PROBLEM REQUIREMENTS
Copy the lines below verbatim. Begin with the first and end with the line containing "Tôi Nên Làm Gì Chapter 4 - Trang 2".

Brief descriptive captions

• • •

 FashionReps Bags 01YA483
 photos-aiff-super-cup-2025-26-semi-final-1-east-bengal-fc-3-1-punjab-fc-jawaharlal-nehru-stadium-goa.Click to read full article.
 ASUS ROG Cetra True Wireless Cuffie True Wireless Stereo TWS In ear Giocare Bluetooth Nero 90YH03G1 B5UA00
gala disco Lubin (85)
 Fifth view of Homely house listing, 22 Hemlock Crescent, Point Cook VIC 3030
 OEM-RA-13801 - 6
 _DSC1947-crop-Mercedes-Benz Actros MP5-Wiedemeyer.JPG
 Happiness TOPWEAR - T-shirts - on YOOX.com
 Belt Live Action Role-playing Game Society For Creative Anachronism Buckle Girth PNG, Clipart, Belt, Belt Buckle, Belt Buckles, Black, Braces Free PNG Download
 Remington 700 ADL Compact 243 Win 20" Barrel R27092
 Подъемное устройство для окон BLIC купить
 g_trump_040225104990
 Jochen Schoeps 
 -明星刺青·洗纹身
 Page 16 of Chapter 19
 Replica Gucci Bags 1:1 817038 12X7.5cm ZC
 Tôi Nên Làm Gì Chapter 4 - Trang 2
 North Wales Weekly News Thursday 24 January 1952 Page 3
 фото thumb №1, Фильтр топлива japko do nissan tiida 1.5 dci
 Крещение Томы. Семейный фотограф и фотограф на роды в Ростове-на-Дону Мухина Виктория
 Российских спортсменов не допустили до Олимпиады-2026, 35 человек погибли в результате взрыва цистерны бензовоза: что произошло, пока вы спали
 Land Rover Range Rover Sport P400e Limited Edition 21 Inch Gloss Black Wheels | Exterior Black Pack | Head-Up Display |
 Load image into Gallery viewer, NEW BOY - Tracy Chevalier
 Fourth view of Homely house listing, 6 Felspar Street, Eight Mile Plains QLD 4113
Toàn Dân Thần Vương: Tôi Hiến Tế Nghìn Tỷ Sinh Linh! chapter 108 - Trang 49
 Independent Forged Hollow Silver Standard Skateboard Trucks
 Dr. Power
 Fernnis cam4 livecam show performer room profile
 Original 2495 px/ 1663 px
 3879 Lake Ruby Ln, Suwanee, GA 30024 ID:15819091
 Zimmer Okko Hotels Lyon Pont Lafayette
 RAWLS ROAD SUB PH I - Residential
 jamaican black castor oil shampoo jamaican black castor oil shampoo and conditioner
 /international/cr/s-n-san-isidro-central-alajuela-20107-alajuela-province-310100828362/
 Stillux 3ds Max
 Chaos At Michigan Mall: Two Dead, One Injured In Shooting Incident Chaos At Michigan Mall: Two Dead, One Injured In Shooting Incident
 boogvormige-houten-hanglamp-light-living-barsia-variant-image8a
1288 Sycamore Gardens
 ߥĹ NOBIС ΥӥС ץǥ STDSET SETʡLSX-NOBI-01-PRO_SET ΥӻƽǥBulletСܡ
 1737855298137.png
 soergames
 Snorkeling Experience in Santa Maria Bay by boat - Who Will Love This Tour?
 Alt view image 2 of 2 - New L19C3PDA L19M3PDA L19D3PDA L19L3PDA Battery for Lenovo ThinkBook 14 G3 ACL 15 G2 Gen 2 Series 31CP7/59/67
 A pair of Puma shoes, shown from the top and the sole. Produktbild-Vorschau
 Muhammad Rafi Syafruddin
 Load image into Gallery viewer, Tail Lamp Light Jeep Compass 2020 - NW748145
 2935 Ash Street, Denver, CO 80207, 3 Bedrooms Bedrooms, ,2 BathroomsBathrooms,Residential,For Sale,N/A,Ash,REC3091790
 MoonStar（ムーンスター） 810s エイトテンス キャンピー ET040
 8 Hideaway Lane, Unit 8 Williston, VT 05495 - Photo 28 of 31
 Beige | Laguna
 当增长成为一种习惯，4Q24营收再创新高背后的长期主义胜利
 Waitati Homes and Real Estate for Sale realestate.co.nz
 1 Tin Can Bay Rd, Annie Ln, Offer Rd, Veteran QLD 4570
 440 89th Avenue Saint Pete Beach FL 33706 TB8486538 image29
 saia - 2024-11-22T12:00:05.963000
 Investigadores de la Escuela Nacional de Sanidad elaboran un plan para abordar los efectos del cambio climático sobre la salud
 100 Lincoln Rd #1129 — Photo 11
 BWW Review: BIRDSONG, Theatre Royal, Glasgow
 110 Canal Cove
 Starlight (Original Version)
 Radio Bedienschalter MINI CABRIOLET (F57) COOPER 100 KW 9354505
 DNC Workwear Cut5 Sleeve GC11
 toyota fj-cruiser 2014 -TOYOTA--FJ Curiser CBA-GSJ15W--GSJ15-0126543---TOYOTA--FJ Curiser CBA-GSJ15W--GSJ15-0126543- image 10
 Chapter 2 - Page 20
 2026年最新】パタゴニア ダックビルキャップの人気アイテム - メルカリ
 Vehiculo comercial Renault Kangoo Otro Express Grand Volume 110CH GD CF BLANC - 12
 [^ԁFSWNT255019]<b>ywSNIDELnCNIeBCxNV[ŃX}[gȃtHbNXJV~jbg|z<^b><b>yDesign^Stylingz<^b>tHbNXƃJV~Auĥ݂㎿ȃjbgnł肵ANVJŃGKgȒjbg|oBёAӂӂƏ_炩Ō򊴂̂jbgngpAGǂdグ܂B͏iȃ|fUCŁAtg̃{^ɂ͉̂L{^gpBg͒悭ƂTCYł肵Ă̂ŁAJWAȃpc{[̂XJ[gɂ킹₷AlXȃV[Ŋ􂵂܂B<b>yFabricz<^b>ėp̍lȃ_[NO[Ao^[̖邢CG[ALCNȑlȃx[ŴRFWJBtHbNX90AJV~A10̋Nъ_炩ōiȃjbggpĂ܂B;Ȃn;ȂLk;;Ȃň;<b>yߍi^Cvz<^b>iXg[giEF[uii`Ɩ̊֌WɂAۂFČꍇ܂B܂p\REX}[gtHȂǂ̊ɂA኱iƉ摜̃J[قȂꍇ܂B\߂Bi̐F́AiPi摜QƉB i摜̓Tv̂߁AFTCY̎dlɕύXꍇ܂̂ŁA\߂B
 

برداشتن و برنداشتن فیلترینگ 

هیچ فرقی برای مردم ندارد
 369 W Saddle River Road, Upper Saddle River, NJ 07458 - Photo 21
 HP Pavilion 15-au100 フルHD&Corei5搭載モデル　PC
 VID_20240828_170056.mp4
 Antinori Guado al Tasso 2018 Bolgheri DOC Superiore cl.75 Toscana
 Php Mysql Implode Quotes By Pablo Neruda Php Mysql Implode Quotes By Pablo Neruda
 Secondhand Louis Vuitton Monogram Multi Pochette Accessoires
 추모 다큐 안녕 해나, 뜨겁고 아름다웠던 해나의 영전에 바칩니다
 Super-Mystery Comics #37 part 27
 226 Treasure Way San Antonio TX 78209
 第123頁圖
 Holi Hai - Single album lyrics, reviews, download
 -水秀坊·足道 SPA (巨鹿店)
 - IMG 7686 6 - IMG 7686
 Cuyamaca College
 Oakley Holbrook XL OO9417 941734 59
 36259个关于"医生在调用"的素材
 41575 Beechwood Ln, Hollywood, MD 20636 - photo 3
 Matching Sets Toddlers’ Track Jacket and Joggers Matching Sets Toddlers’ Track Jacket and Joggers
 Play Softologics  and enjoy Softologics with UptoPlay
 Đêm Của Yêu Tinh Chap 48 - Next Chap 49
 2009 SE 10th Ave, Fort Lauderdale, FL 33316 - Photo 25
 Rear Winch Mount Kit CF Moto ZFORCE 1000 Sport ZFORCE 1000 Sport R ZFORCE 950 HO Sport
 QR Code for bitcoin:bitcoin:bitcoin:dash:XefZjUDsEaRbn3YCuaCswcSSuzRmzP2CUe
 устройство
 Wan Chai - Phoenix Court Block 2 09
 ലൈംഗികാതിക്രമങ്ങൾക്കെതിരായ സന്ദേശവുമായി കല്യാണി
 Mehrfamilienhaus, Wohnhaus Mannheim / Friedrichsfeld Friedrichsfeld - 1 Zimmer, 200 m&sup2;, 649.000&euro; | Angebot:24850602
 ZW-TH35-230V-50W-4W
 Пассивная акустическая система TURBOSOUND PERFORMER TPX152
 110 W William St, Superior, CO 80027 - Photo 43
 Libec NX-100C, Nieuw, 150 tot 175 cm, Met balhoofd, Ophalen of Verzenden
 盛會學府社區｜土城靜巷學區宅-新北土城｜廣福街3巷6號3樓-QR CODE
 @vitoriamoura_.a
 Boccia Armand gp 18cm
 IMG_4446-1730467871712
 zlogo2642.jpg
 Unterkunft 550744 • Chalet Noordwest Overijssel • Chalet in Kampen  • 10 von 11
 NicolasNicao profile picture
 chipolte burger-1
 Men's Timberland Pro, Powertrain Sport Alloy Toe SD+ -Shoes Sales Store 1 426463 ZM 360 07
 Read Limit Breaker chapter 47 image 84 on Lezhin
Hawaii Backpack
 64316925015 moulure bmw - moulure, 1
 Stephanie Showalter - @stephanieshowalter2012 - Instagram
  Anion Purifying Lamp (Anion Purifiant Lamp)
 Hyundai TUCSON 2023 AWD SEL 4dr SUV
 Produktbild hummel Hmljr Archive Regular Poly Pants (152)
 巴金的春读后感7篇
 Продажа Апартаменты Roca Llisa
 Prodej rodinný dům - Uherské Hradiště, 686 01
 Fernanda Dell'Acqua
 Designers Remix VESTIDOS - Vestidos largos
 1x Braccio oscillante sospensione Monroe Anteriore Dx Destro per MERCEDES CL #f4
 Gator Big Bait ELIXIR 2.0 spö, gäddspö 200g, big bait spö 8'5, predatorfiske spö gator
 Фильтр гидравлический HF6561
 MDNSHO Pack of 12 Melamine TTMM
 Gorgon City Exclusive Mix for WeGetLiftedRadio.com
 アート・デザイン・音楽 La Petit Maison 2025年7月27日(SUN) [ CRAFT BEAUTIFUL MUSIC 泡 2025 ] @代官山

• • •

ANSWER
 FashionReps Bags 01YA483
 photos-aiff-super-cup-2025-26-semi-final-1-east-bengal-fc-3-1-punjab-fc-jawaharlal-nehru-stadium-goa.Click to read full article.
 ASUS ROG Cetra True Wireless Cuffie True Wireless Stereo TWS In ear Giocare Bluetooth Nero 90YH03G1 B5UA00
gala disco Lubin (85)
 Fifth view of Homely house listing, 22 Hemlock Crescent, Point Cook VIC 3030
 OEM-RA-13801 - 6
 _DSC1947-crop-Mercedes-Benz Actros MP5-Wiedemeyer.JPG
 Happiness TOPWEAR - T-shirts - on YOOX.com
 Belt Live Action Role-playing Game Society For Creative Anachronism Buckle Girth PNG, Clipart, Belt, Belt Buckle, Belt Buckles, Black, Braces Free PNG Download
 Remington 700 ADL Compact 243 Win 20" Barrel R27092
 Подъемное устройство для окон BLIC купить
 g_trump_040225104990
 Jochen Schoeps 
 -明星刺青·洗纹身
 Page 16 of Chapter 19
 Replica Gucci Bags 1:1 817038 12X7.5cm ZC
 Tôi Nên Làm Gì Chapter 4 - Trang 2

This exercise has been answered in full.